TEMPO.CO, Jakarta - Sekelompok mahasiswa, akademisi, advokat, organisasi masyarakat sipil, dan individu dari berbagai latar belakang yang tergabung dalam Aliansi Reformasi KUHAP menggelar unjuk rasa di depan Gerbang Pancasila, Kompleks Parlemen, Senayan, Jakarta, Selasa, 22 Juli 2025.
“Aksi ini dilakukan untuk menolak pembahasan Rancangan Kitab Undang-Undang Hukum Acara Pidana (RKUHAP) yang dinilai cacat secara prosedural dan substansial,” tulis pernyataan bersama Aliansi Reformasi KUHAP pada Selasa, 22 Juli 2025.
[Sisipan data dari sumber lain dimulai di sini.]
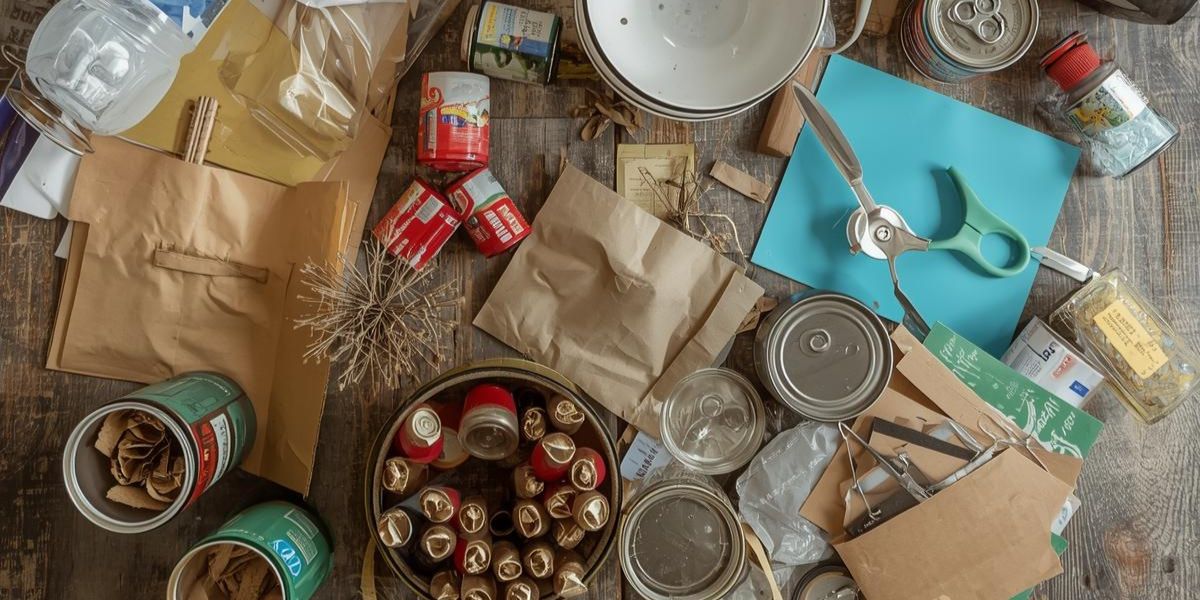 Materiais recicláveis organizados para produção de artesanato sustentável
Baca berita dengan sedikit iklan, klik di sini
Aliansi menilai proses penyusunan RKUHAP yang tengah dibahas oleh DPR dan pemerintah berlangsung tidak transparan, tidak partisipatif, serta gagal menjamin perlindungan hak asasi manusia. Dalam aksinya, mereka menyuarakan empat sikap utama:
Pertama, menolak pengesahan RKUHAP jika proses pembahasannya tetap mengabaikan partisipasi publik dan draf akhirnya masih menyimpan persoalan substansial. Aliansi menilai pembahasan sejauh ini berlangsung terburu-buru dan minim pelibatan korban, kelompok rentan, serta masyarakat sipil.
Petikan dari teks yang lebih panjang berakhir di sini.